A 28-year-old man has been sentenced to serve two years behind bars for his role in a cocaine smuggling operation at Rohlsen Airport on St. Croix, according to U.S. Attorney Gretchen Shappert’s office.
Lamech Matthew was sentenced Thursday and also ordered to serve three years of supervised release, and pay a $3,500 fine and $100 special assessment.
Matthew and co-defendant Alvin Henry, 40, were both charged after a routine inspection by U.S. Customs and Border Protection officials at Rohlsen Airport on Nov. 2, 2016.
A K-9 officer patrolling the pre-departure area at the airport noticed Henry nervously stand up and lift his bag off the floor when the dog approached, and asked if they could inspect his bags.
Henry consented to the search and officers found 10 duct-taped bricks of cocaine concealed in his luggage.
“Henry was part of a scheme to transport cocaine from St. Croix to Florida, and had met with an airport employee in the bathroom of the departure area, who delivered the cocaine bricks to Henry in the bathroom.

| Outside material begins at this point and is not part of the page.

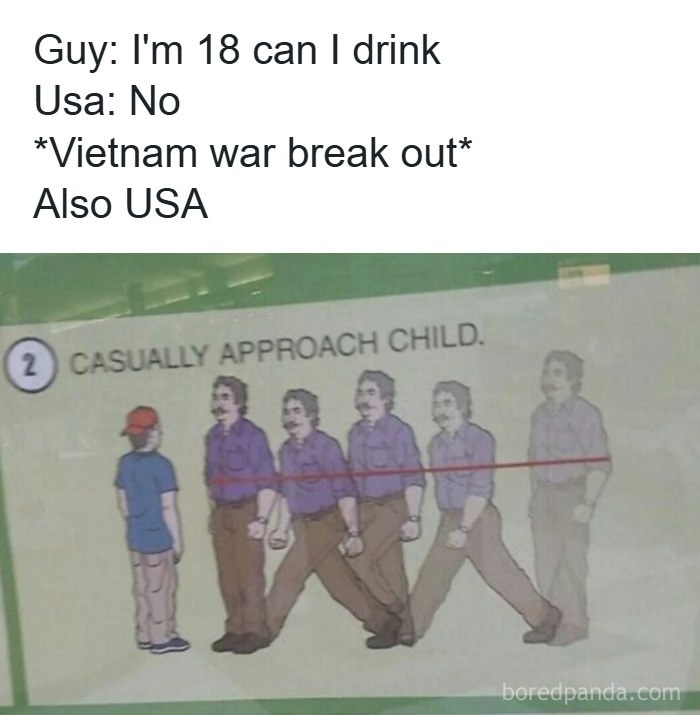 Memed image humorously highlighting USA history with a Vietnam War reference, part of hilarious history memes collection.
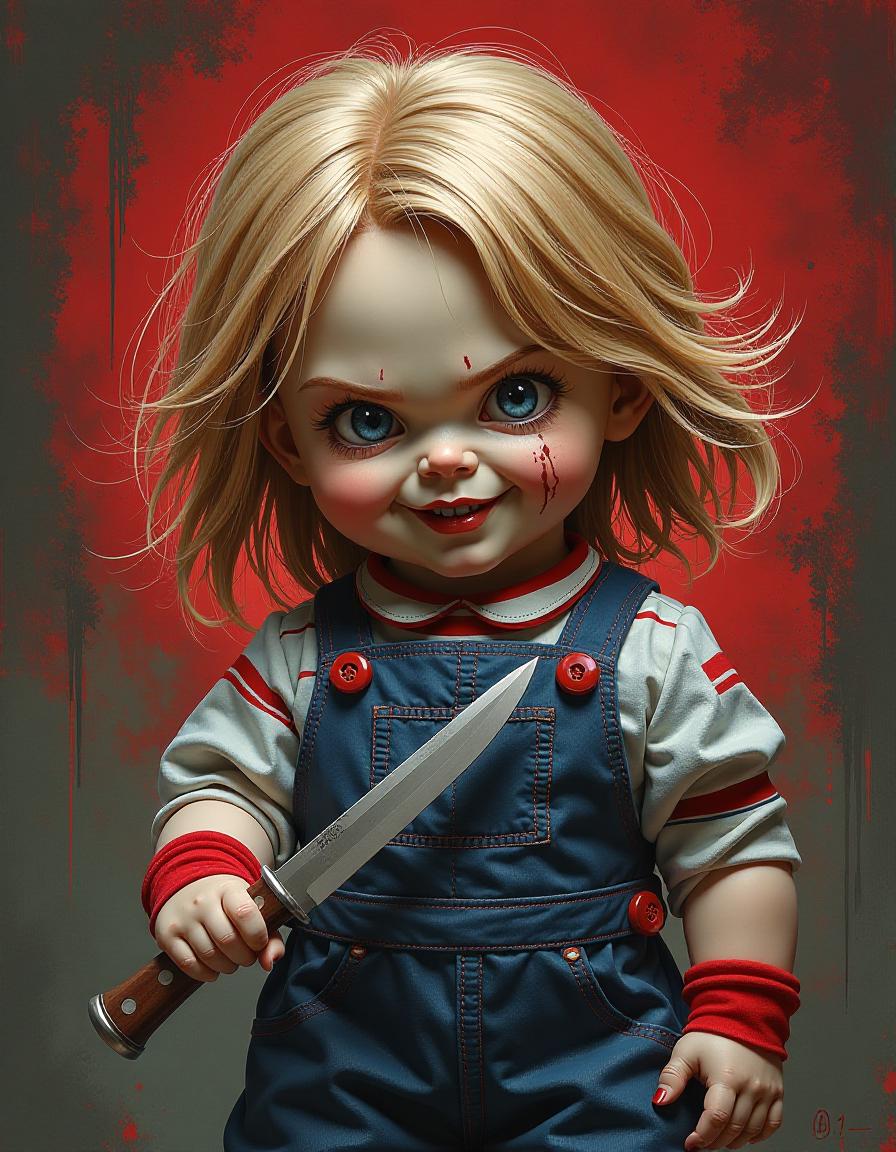  advertising poster style (masterpiece, oil painting:1.4), Сomic book style. a children's scary doll "daisy" with a knife, sparse hair and evil eyes from horror movies. high resolution. high detail. increased attention to small details . professional, modern, product focused, commercial, eye catching, highly detailed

Henry was scheduled to board the American Airlines flight to Miami with the cocaine in his carry-on luggage,” according to a statement by the U.S. Attorney’s Office.
The total weight of the cocaine in Henry’s bag was more than five kilograms, or 11 pounds.
A grand jury returned an indictment against Henry on Dec. 13, 2018.
The airport employee, Matthew, who was employed by Worldwide Flight Services, was charged with the same crimes and entered into a plea agreement with prosecutors on Jan. 21, 2019, in exchange for testifying against Henry at trial.
“Matthew stated that he had used the same method to transport cocaine on approximately eight other occasions,” according to an affidavit filed by federal investigators.
Henry was found guilty by a jury in March 2019 and appealed his convictions, arguing that prosecutors engaged in several instances of misconduct.
U.S. District Court Chief Judge Wilma Lewis later scolded prosecutors for their irregular handling of the case, including an agreement with Matthew that he did not have to testify against anyone else involved in the conspiracy, only Henry, which was not disclosed to the court or defense attorneys.
“These failures by the Government were unacceptable; fell far below the performance standards that the Court expects of counsel; and caused delay and frustration that were decidedly avoidable,” Lewis wrote in a lengthy opinion filed in Dec. 2019.
Despite the irregularities, Lewis upheld Henry’s convictions, and he was sentenced on March 3, 2020, to four years behind bars. Henry filed a request for compassionate release from prison due to the COVID-19 pandemic, which Lewis denied in November.